Response: Hydrogenation is to maintain the stability of the model, making the model more stable and easier to converge. Thanks for your comments for adding oxygen. We have made changes in the manuscript.

 

Comment 4: According to Fig. 2, it seems that BCl₃ is bonded with H atoms above Si atoms. Is this right? Using your atomic configuration (SiH), is this explainable that positive position of the molecule is the most favorable in Si (100) surface? What happens if other atoms (such as O atoms) are formed above Si atoms?

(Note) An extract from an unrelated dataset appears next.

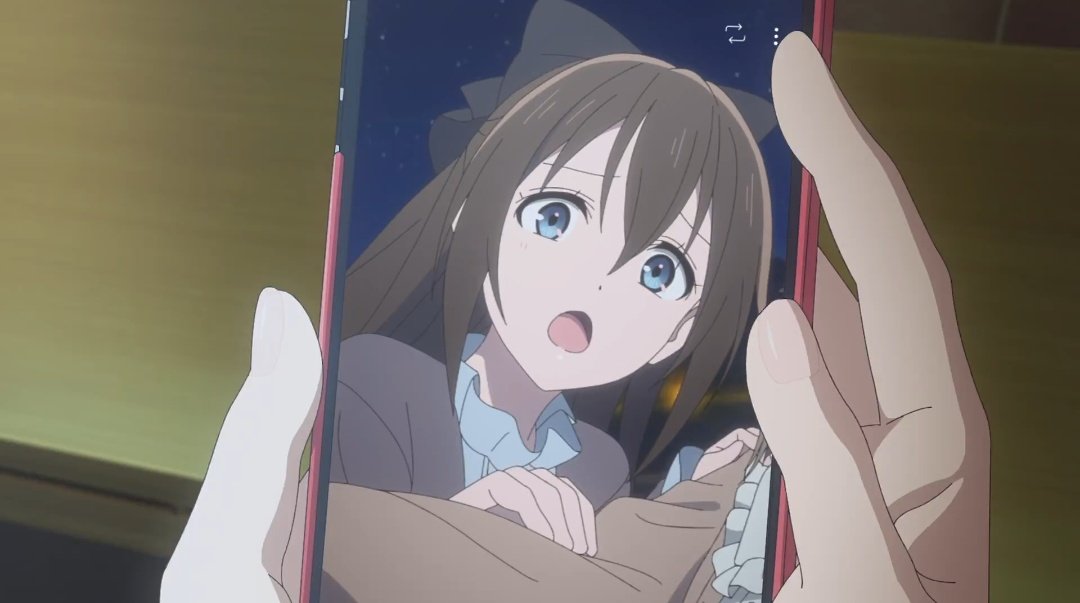 ぶたこ ダコタ Dakota ダコタ 財布 二つ折り レディース ブランド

Response: We have revised the manufacture as following:

Figure 2 shows the adsorption of BCl₃ on the surface of Si(100). The main bond is the bond between B and Si. From the change of bond length and energy, it can be analyzed that BCl₃ is adsorbed in the positive position of the molecule. Its adsorption energy is negative and the adsorption structure is the most stable.

 

Comment 5: It is informative how boron impurity is doped inside poly-Si using DFT. But is there any suggestion or solution to reduce boron impurity inside poly-Si based on your result?

Response: We have revised the manufacture as following:

The impurity B may deposit on the surface of the silicon rod competing with polysilicon and the trace impurity B-compound may enrich by the influence of transport phenomena. The above two phenomena are the main reasons causing the high impurity B in the silicon production. It is obvious that the adsorption of BCl₃ on silicon to cause the deposition of B on silicon surface. Therefore, transport phenomenon investigation may be effective method to reduce boron impurity inside poly-silicon, such as increasing mole fraction of H₂ and temperature.

Author Response File: Author Response.pdf

Round 2

Reviewer 1 Report

The authors performed the required modifications. Also, I am grateful for the authors effort in the revised version of the manuscript and after this improvement, I can say that it can be accepted to be published in this journal.

Reviewer 3 Report

No comments